Patricia Zaradic, one of the study's authors, has discarded her TV and urges other parents to go outdoors with their children. "The kids are going to do what you do," she says. "If you are spending the majority of your time glued to some sort of boob tube, how can you tell them to go outside and play?"
Too often, argues Louv, children who don't have such experiences assume there isn't anything to do outside.
"Environmentalists also have a role to play in this because there has been this look-but-don't-touch ethic that has sometimes been appropriate, but sometimes not," he says.
The hunting community may offer lessons about engaging children outdoors, says Kyle Scanlon, editor of the fish and game magazine Outdoors. His home state of Vermont, like others, offers mentoring programs to teach kids gun safety and sets aside youth-only weekends during hunting season.
The proliferation of outdoor chic – from high-end REI or EMS camping gear to glossy magazines like Outside – suggests an ongoing connection with the outdoors.
"There are still plenty of people interested in outdoor activity, but there aren't as many people interested in extended trips," says Shannon Stowell, president of the Adventure Travel Trade Association. "They are more inclined to do day trips and be back somewhere comfortable for the night. And the gear sales reflect that as well." Day packs are in, overnight packs are out.

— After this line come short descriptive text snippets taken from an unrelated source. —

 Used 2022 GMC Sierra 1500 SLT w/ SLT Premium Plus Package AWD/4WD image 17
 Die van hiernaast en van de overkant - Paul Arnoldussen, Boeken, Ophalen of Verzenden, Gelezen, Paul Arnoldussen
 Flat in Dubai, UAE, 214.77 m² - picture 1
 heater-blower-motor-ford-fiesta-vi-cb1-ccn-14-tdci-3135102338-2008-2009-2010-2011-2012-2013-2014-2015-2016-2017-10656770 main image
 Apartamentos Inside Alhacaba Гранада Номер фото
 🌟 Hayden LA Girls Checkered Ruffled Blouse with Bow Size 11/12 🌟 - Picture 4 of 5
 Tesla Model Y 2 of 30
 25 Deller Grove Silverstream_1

Ms. Verdone's efforts to reconnect her family with nature – including bike rides and hikes around southern New England – seem to be paying off.
On this day's walk with her parents, Deanna says she discovered "stuff you don't see every day." With wavy hand motions, she describes a tree she found with rippled bark: "It was really weird." She also saw a tree charred by lightning, as well as playful wildlife. "There was a squirrel jumping tree to tree and chucking stuff at us," she says.
As for other ways to get the next generation into the woods, her mother has a novel idea: "You know what they should do is tell guys [that hiking] is a cheap date. And the girls will think it's romantic."